Este tipo de proyectos deben ser una inspiración para emprendedores de países en vías de desarrollo como los nuestros, en los que hay altos índices de pobreza y con ello, grandes retos. Existen también mentes brillantes y emprendedoras que si se enfocan y unen esfuerzos, pueden encontrar soluciones de impacto.

El emprendimiento es, además de a una vía para superar la pobreza, la mejor opción para atacarla de forma frontal.  Los programas de microcrédito que prestan dinero a los más pobres han tenido un gran éxito, demostrando así que se puede hacer negocios rentables y ayudar a mucha gente a salir de la pobreza.

Está comprobado que cuando la gente paga por un servicio, aunque sea poco, lo valora mucho más y puede esperar mejor servicio”.

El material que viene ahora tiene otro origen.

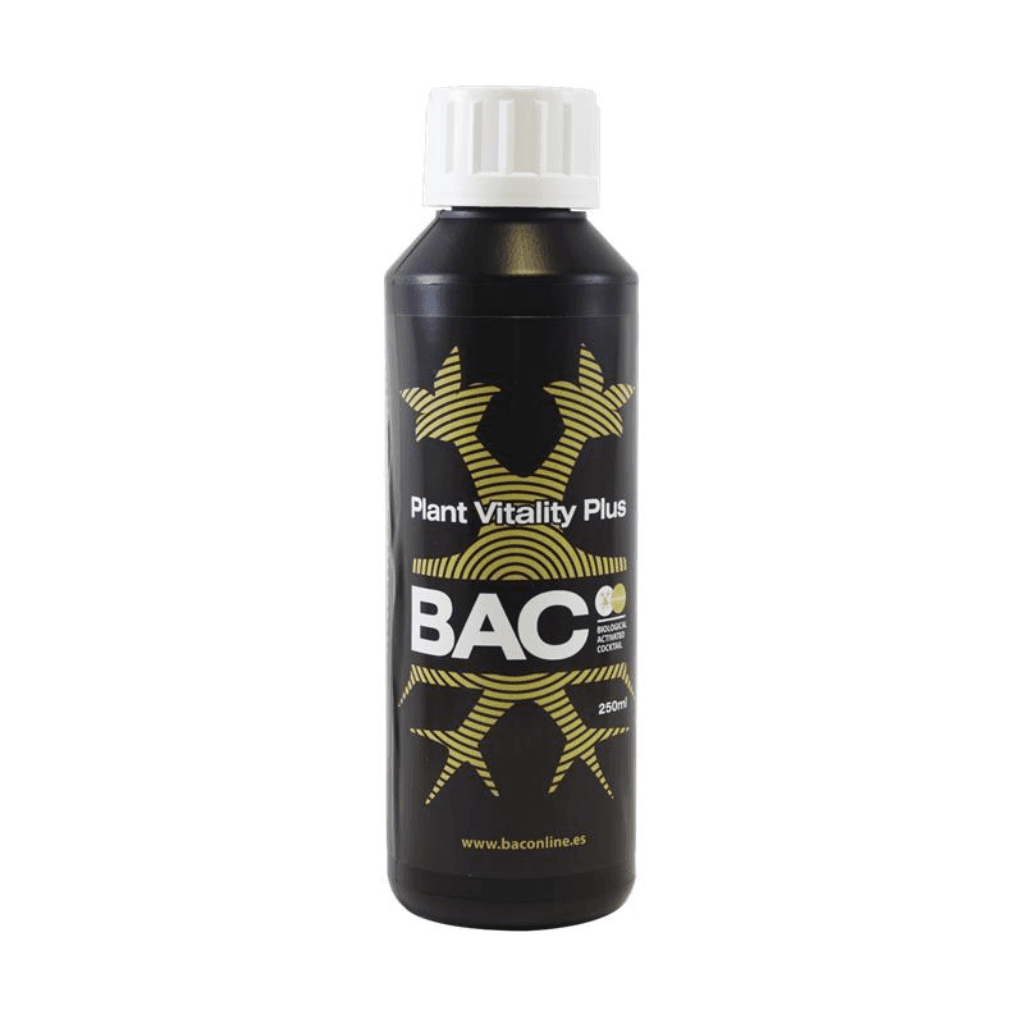 B.A.C. Plant Vitality Plus (250 ml - 1 L)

Los proyectos empresariales que se enfocan en brindar servicios de bajo costo a los más pobres tienen mayor probabilidad de reducir la pobreza a largo plazo, que el dinero que ser recibe de ayuda de parte de instituciones benéficas. Está comprobado que cuando la gente paga por un servicio, aunque sea poco, lo valora mucho más y puede esperar mejor servicio.

Tener acceso a una computadora con conexión a Internet puede cambiarle la vida a más de un billón de personas ¿Logrará Matt y su equipo ser los que encuentren la solución a esta gran necesidad de mercado? Solo con el tiempo se sabrá. Creo firmemente que para llegar lejos hay que plantearse grandes metas y soñar más allá de lo que en el presente se considera posible.